PROBLEM REQUIREMENTS: Every line of the data below should be repeated exactly, and no picture should be copied.

DATA EXTRACT:
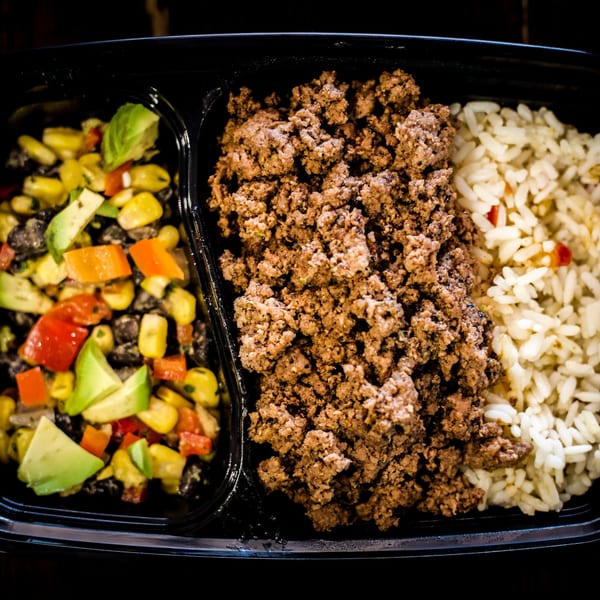 A meal prep container with ground beef, white rice, and a corn and avocado salad.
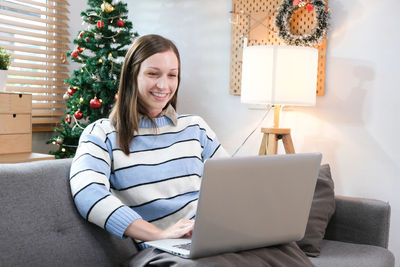 Young woman using laptop while sitting at home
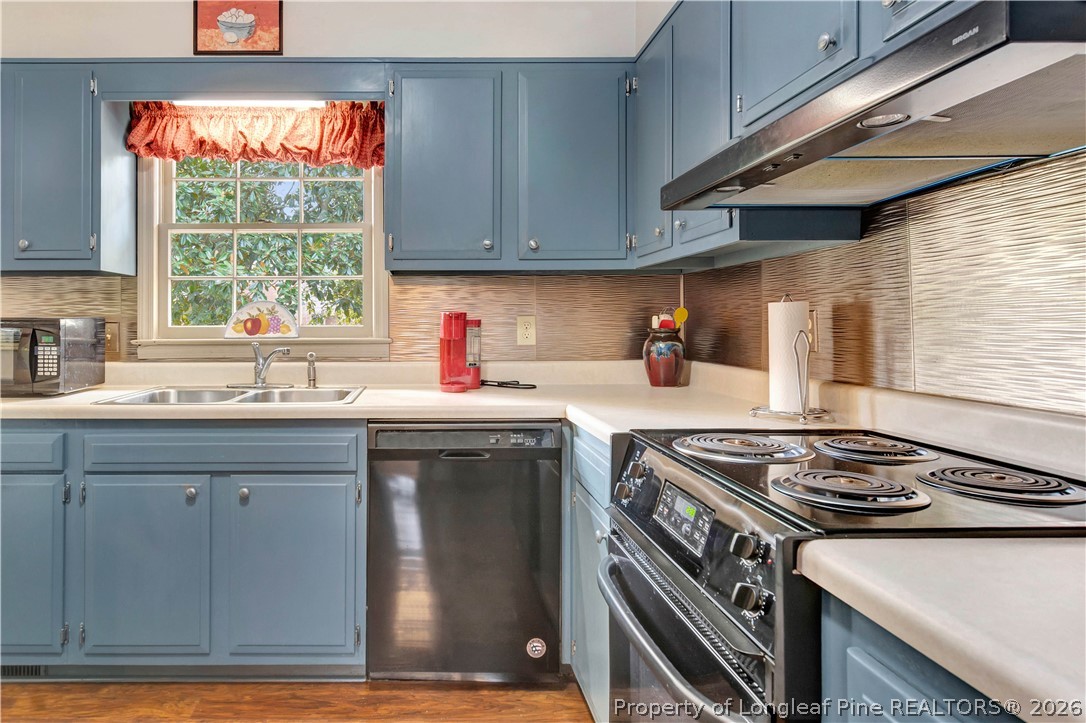 5219 McLeod Road Lumberton, NC 28358 - Photo 6 of 33 a kitchen with a sink stove top oven and cabinets
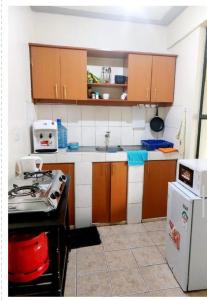 cocina con armarios marrones y nevera blanca en Rubi Apartment, en Naivasha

SOLUTION:
 A meal prep container with ground beef, white rice, and a corn and avocado salad.
 Young woman using laptop while sitting at home
 5219 McLeod Road Lumberton, NC 28358 - Photo 6 of 33 a kitchen with a sink stove top oven and cabinets
 cocina con armarios marrones y nevera blanca en Rubi Apartment, en Naivasha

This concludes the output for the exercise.